WHAT TO DO →
Please write out the complete listing that follows, exactly as it reads.

DATA EXTRACT →

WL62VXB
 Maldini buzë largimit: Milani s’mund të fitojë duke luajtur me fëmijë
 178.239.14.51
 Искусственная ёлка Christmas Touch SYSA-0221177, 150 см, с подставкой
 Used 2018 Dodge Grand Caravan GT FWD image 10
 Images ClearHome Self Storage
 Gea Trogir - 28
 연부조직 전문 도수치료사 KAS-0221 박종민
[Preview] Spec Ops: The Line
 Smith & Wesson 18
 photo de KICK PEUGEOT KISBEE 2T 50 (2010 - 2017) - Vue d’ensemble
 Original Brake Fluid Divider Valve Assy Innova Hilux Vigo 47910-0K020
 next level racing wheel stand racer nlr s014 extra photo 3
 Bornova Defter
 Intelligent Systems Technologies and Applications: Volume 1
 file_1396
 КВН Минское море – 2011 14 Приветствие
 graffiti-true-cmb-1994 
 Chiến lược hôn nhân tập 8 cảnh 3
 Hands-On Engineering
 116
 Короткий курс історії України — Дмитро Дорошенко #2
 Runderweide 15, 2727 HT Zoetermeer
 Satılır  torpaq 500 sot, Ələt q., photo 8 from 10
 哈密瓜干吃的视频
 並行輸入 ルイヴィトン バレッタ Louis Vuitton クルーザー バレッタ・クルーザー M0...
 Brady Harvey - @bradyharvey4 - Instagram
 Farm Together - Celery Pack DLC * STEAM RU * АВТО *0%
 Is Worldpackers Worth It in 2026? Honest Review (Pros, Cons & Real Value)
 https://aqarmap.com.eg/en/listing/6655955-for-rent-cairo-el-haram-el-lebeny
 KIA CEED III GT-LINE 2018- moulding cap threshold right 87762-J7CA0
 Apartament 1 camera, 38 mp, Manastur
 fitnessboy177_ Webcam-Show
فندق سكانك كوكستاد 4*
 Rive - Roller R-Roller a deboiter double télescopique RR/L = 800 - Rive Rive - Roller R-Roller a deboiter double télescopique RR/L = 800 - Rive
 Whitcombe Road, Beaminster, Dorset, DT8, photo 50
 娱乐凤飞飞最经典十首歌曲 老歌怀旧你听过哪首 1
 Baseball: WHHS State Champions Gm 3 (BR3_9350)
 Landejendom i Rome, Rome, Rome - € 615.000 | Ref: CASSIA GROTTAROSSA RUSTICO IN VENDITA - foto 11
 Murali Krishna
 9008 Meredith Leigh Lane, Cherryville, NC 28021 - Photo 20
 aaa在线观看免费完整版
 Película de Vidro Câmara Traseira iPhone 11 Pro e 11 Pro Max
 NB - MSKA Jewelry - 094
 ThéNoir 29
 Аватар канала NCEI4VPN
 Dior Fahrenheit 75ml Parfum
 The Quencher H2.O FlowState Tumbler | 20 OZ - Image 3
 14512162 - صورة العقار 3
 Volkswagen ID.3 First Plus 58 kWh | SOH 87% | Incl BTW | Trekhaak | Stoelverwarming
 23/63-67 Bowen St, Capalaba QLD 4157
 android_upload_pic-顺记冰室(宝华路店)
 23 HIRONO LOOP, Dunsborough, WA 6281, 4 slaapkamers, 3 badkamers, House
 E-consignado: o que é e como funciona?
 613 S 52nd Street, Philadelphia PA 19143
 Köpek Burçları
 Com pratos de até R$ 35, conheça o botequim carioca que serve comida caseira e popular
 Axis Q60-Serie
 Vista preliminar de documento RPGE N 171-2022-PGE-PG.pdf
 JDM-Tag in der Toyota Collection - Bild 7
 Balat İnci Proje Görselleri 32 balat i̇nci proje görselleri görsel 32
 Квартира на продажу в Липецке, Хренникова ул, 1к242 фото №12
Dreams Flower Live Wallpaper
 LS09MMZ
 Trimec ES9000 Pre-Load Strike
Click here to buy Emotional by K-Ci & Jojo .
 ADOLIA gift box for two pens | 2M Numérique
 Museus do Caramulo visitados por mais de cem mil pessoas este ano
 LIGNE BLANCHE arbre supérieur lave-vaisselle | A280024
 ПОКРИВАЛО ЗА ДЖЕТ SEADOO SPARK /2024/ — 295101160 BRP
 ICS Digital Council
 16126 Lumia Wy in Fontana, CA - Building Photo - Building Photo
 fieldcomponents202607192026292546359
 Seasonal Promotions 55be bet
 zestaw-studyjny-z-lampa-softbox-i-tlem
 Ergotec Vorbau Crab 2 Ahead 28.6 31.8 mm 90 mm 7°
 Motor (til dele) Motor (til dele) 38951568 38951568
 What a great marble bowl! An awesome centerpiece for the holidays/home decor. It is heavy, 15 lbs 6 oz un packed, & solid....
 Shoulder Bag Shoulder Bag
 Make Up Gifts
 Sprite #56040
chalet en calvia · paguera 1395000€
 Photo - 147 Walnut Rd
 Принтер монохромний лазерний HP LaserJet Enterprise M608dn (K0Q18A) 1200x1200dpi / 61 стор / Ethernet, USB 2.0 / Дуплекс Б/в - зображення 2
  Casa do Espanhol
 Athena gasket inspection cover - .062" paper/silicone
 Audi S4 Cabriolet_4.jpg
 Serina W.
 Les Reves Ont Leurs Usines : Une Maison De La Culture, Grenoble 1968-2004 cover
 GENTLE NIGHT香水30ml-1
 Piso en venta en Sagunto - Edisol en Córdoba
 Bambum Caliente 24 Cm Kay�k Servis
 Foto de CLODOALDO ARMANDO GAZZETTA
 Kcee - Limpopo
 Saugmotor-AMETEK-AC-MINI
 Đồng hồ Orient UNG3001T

TASK OUTPUT →
WL62VXB
 Maldini buzë largimit: Milani s’mund të fitojë duke luajtur me fëmijë
 178.239.14.51
 Искусственная ёлка Christmas Touch SYSA-0221177, 150 см, с подставкой
 Used 2018 Dodge Grand Caravan GT FWD image 10
 Images ClearHome Self Storage
 Gea Trogir - 28
 연부조직 전문 도수치료사 KAS-0221 박종민
[Preview] Spec Ops: The Line
 Smith & Wesson 18
 photo de KICK PEUGEOT KISBEE 2T 50 (2010 - 2017) - Vue d’ensemble
 Original Brake Fluid Divider Valve Assy Innova Hilux Vigo 47910-0K020
 next level racing wheel stand racer nlr s014 extra photo 3
 Bornova Defter
 Intelligent Systems Technologies and Applications: Volume 1
 file_1396
 КВН Минское море – 2011 14 Приветствие
 graffiti-true-cmb-1994 
 Chiến lược hôn nhân tập 8 cảnh 3
 Hands-On Engineering
 116
 Короткий курс історії України — Дмитро Дорошенко #2
 Runderweide 15, 2727 HT Zoetermeer
 Satılır  torpaq 500 sot, Ələt q., photo 8 from 10
 哈密瓜干吃的视频
 並行輸入 ルイヴィトン バレッタ Louis Vuitton クルーザー バレッタ・クルーザー M0...
 Brady Harvey - @bradyharvey4 - Instagram
 Farm Together - Celery Pack DLC * STEAM RU * АВТО *0%
 Is Worldpackers Worth It in 2026? Honest Review (Pros, Cons & Real Value)
 https://aqarmap.com.eg/en/listing/6655955-for-rent-cairo-el-haram-el-lebeny
 KIA CEED III GT-LINE 2018- moulding cap threshold right 87762-J7CA0
 Apartament 1 camera, 38 mp, Manastur
 fitnessboy177_ Webcam-Show
فندق سكانك كوكستاد 4*
 Rive - Roller R-Roller a deboiter double télescopique RR/L = 800 - Rive Rive - Roller R-Roller a deboiter double télescopique RR/L = 800 - Rive
 Whitcombe Road, Beaminster, Dorset, DT8, photo 50
 娱乐凤飞飞最经典十首歌曲 老歌怀旧你听过哪首 1
 Baseball: WHHS State Champions Gm 3 (BR3_9350)
 Landejendom i Rome, Rome, Rome - € 615.000 | Ref: CASSIA GROTTAROSSA RUSTICO IN VENDITA - foto 11
 Murali Krishna
 9008 Meredith Leigh Lane, Cherryville, NC 28021 - Photo 20
 aaa在线观看免费完整版
 Película de Vidro Câmara Traseira iPhone 11 Pro e 11 Pro Max
 NB - MSKA Jewelry - 094
 ThéNoir 29
 Аватар канала NCEI4VPN
 Dior Fahrenheit 75ml Parfum
 The Quencher H2.O FlowState Tumbler | 20 OZ - Image 3
 14512162 - صورة العقار 3
 Volkswagen ID.3 First Plus 58 kWh | SOH 87% | Incl BTW | Trekhaak | Stoelverwarming
 23/63-67 Bowen St, Capalaba QLD 4157
 android_upload_pic-顺记冰室(宝华路店)
 23 HIRONO LOOP, Dunsborough, WA 6281, 4 slaapkamers, 3 badkamers, House
 E-consignado: o que é e como funciona?
 613 S 52nd Street, Philadelphia PA 19143
 Köpek Burçları
 Com pratos de até R$ 35, conheça o botequim carioca que serve comida caseira e popular
 Axis Q60-Serie
 Vista preliminar de documento RPGE N 171-2022-PGE-PG.pdf
 JDM-Tag in der Toyota Collection - Bild 7
 Balat İnci Proje Görselleri 32 balat i̇nci proje görselleri görsel 32
 Квартира на продажу в Липецке, Хренникова ул, 1к242 фото №12
Dreams Flower Live Wallpaper
 LS09MMZ
 Trimec ES9000 Pre-Load Strike
Click here to buy Emotional by K-Ci & Jojo .
 ADOLIA gift box for two pens | 2M Numérique
 Museus do Caramulo visitados por mais de cem mil pessoas este ano
 LIGNE BLANCHE arbre supérieur lave-vaisselle | A280024
 ПОКРИВАЛО ЗА ДЖЕТ SEADOO SPARK /2024/ — 295101160 BRP
 ICS Digital Council
 16126 Lumia Wy in Fontana, CA - Building Photo - Building Photo
 fieldcomponents202607192026292546359
 Seasonal Promotions 55be bet
 zestaw-studyjny-z-lampa-softbox-i-tlem
 Ergotec Vorbau Crab 2 Ahead 28.6 31.8 mm 90 mm 7°
 Motor (til dele) Motor (til dele) 38951568 38951568
 What a great marble bowl! An awesome centerpiece for the holidays/home decor. It is heavy, 15 lbs 6 oz un packed, & solid....
 Shoulder Bag Shoulder Bag
 Make Up Gifts
 Sprite #56040
chalet en calvia · paguera 1395000€
 Photo - 147 Walnut Rd
 Принтер монохромний лазерний HP LaserJet Enterprise M608dn (K0Q18A) 1200x1200dpi / 61 стор / Ethernet, USB 2.0 / Дуплекс Б/в - зображення 2
  Casa do Espanhol
 Athena gasket inspection cover - .062" paper/silicone
 Audi S4 Cabriolet_4.jpg
 Serina W.
 Les Reves Ont Leurs Usines : Une Maison De La Culture, Grenoble 1968-2004 cover
 GENTLE NIGHT香水30ml-1
 Piso en venta en Sagunto - Edisol en Córdoba
 Bambum Caliente 24 Cm Kay�k Servis
 Foto de CLODOALDO ARMANDO GAZZETTA
 Kcee - Limpopo
 Saugmotor-AMETEK-AC-MINI
 Đồng hồ Orient UNG3001T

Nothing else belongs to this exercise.